Recently we had to remove our iPhone and iPod Touch program Pocketpedia from the iTunes App Store because it synced Amazon information from our desktop applications to a mobile device and also allowed the Amazon catalog to be searched from a mobile device. The Amazon Product Advertising API provides reliable access to a wealth of information that benefits my company as a source of data and your company by encouraging more sales. We are unable to find a reason why this API service should explicitly exclude use on mobile devices.

Let me tell you a bit about our applications, in the hopes of changing your mind. The Pedia programs (DVDpedia, Bookpedia, CDpedia and Gamepedia) are used to build personal media catalogs. Users create a list of items they own, those that they have lent out and those they wish to buy in the future. It allows them to get organized and keep track of both past and future purchases. As you can appreciate, having their data on the go is a great reference and convenience.

It’s our belief that Pocketpedia does in no way compete with Amazon Mobile or SnapTell (which you recently acquired). They serve different markets: Pocketpedia is a home reference application while yours are shopping applications. Even if they did compete I don’t see a reason to suppress them as the winner will always be Amazon selling the final product. And iPhone users can only benefit from more options in the App Store. Of course you’re in a better position to decide what’s best for Amazon but from the outside the clauses excluding mobile devices seem like a losing situation for all: Amazon, customers and third-party developers.

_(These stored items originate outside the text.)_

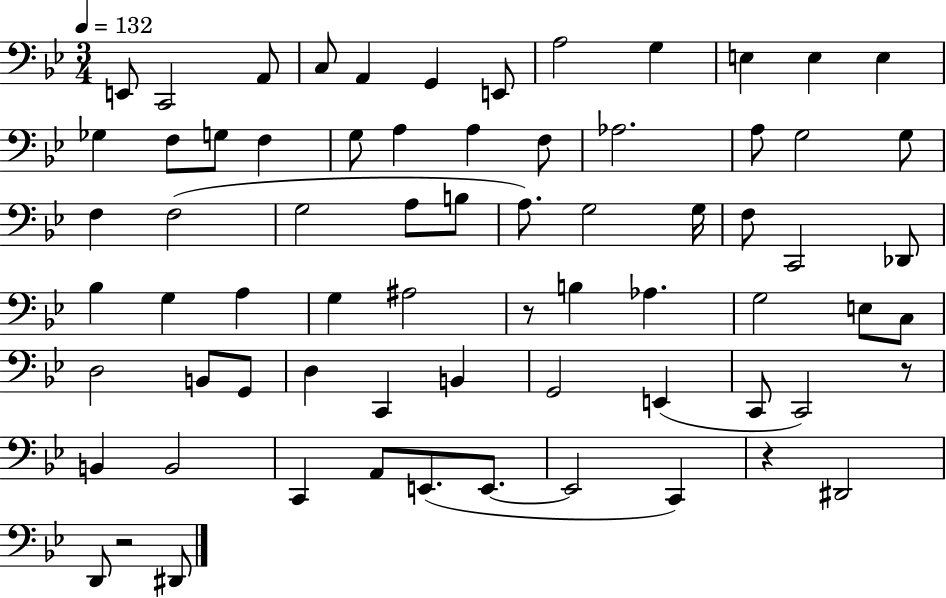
X:1
T:Untitled
M:3/4
L:1/4
K:Bb
E,,/2 C,,2 A,,/2 C,/2 A,, G,, E,,/2 A,2 G, E, E, E, _G, F,/2 G,/2 F, G,/2 A, A, F,/2 _A,2 A,/2 G,2 G,/2 F, F,2 G,2 A,/2 B,/2 A,/2 G,2 G,/4 F,/2 C,,2 _D,,/2 _B, G, A, G, ^A,2 z/2 B, _A, G,2 E,/2 C,/2 D,2 B,,/2 G,,/2 D, C,, B,, G,,2 E,, C,,/2 C,,2 z/2 B,, B,,2 C,, A,,/2 E,,/2 E,,/2 E,,2 C,, z ^D,,2 D,,/2 z2 ^D,,/2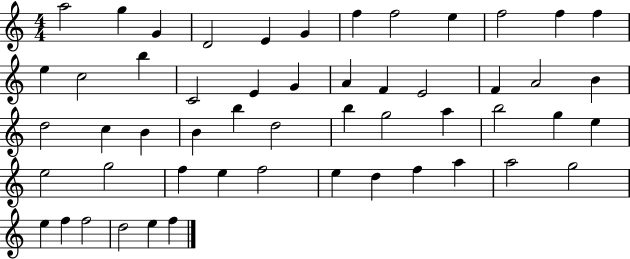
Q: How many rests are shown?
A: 0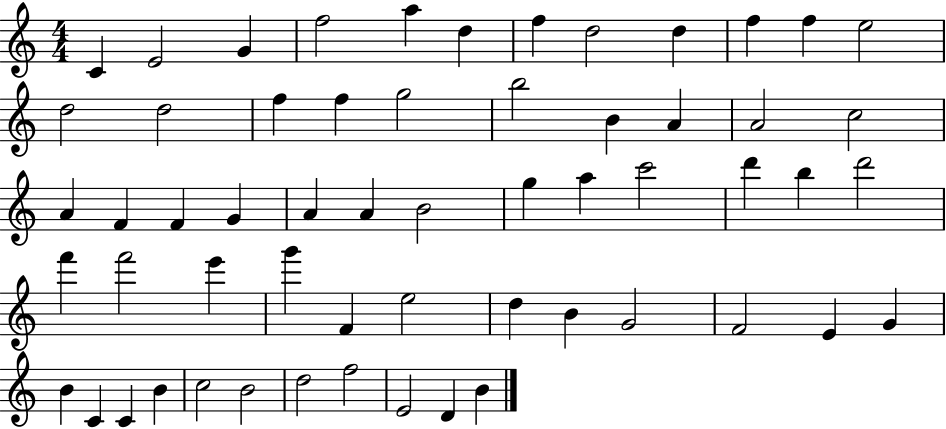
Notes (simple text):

C4/q E4/h G4/q F5/h A5/q D5/q F5/q D5/h D5/q F5/q F5/q E5/h D5/h D5/h F5/q F5/q G5/h B5/h B4/q A4/q A4/h C5/h A4/q F4/q F4/q G4/q A4/q A4/q B4/h G5/q A5/q C6/h D6/q B5/q D6/h F6/q F6/h E6/q G6/q F4/q E5/h D5/q B4/q G4/h F4/h E4/q G4/q B4/q C4/q C4/q B4/q C5/h B4/h D5/h F5/h E4/h D4/q B4/q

Both clauses mention that written approval can be obtained to use the Amazon data on a mobile device, yet I can’t find a single app that has received this approval. In the hopes of positive changes at Amazon I would like to suggest that these clauses be dropped. If this is not possible, I formally request that Bruji as well as our competitor Delicious Monster (who have also run afoul of the mobile clause) be given permission to sync Amazon data to the iPhone and iPod Touch. Moreover, if Amazon is feeling kind, we also request the use of the Product Advertising API directly on the iPhone to search and add new items.

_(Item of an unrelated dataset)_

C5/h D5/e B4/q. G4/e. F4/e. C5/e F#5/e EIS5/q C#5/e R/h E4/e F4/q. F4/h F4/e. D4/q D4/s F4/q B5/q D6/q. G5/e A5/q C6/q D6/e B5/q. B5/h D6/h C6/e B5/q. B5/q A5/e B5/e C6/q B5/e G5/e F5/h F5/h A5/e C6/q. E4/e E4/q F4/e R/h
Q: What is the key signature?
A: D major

I write this as an open letter because getting a meaningful conversation going with Amazon has been impossible for both my customers and me. Your support system does not allow replies to emails sent directly from your Associates Account Specialist. Messages filled out in the Amazon contact page only get canned responses without explanations. The Amazon customer service has lost its touch in the last few years but more worrying is that Amazon has become increasingly closed, controlling and unfriendly. I know that our users have been writing to Amazon in the past week to register their dismay about the loss of Pocketpedia and I would like to be able to give them positive news thanks to their efforts.